> _Brief descriptive captions_:
Segment Open
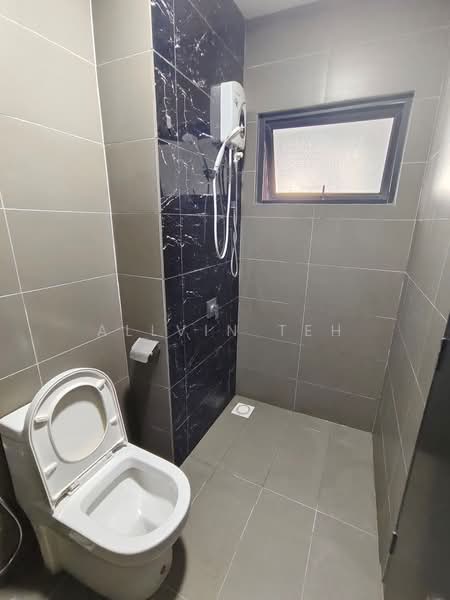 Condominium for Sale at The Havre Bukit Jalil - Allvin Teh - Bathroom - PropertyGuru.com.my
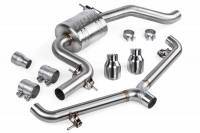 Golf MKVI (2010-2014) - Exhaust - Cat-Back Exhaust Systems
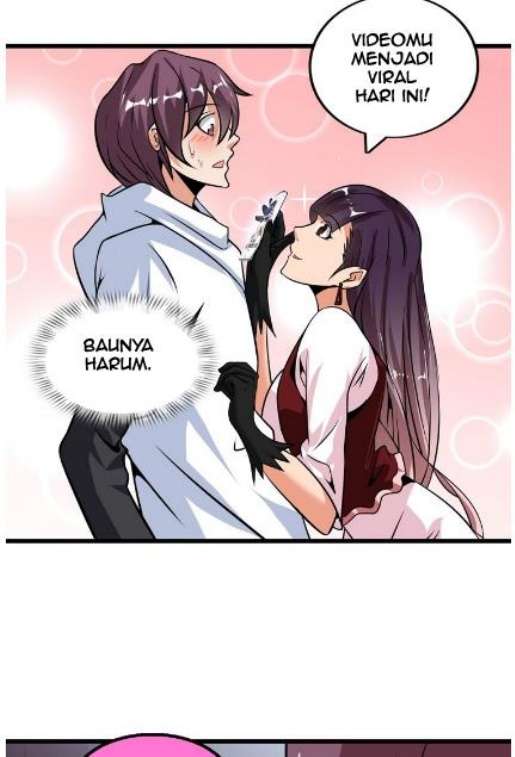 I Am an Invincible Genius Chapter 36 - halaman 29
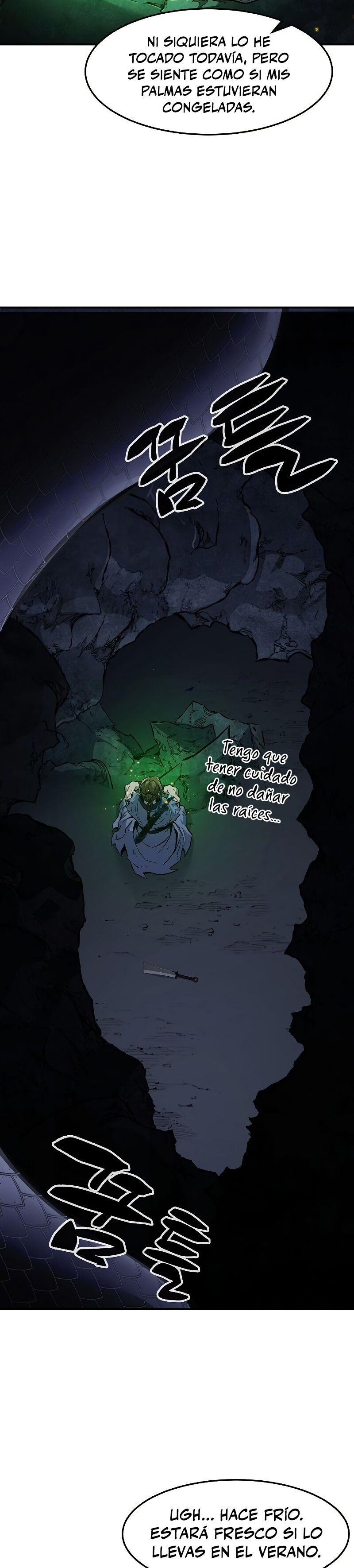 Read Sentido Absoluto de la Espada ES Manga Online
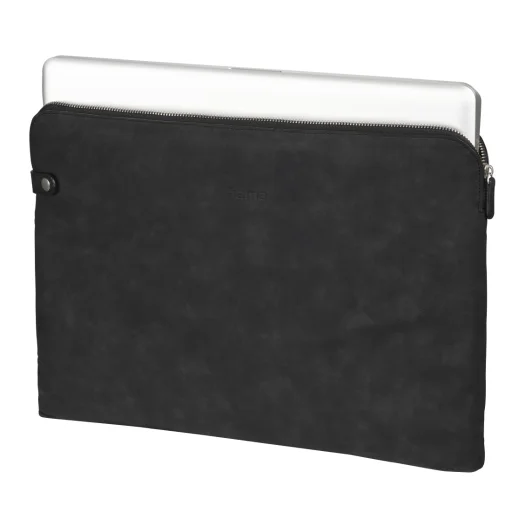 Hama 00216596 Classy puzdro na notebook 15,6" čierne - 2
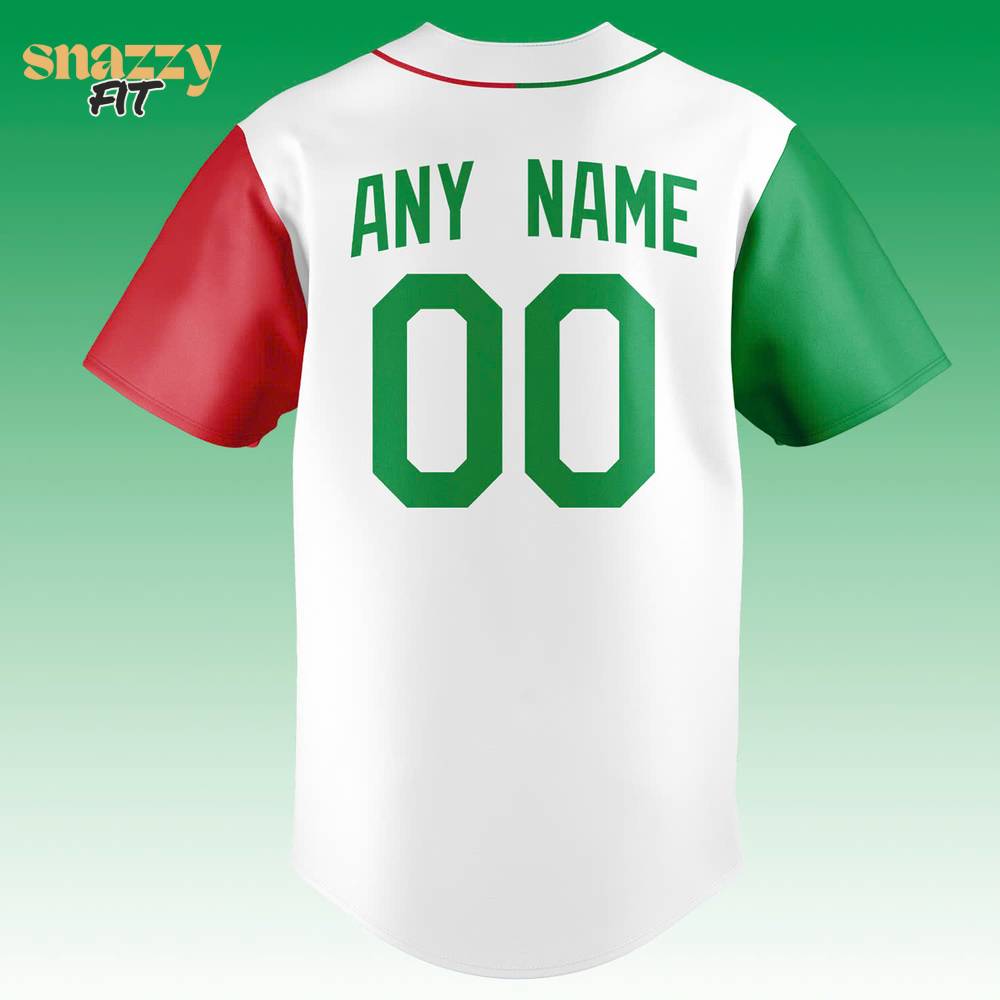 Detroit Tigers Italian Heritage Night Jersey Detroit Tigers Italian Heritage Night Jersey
Segment Closed
> _Work required_:
Quote each record exactly as it stands, minus the pictures.

> _Solution to the exercise_:
 Condominium for Sale at The Havre Bukit Jalil - Allvin Teh - Bathroom - PropertyGuru.com.my
 Golf MKVI (2010-2014) - Exhaust - Cat-Back Exhaust Systems
 I Am an Invincible Genius Chapter 36 - halaman 29
 Read Sentido Absoluto de la Espada ES Manga Online
 Hama 00216596 Classy puzdro na notebook 15,6" čierne - 2
 Detroit Tigers Italian Heritage Night Jersey Detroit Tigers Italian Heritage Night Jersey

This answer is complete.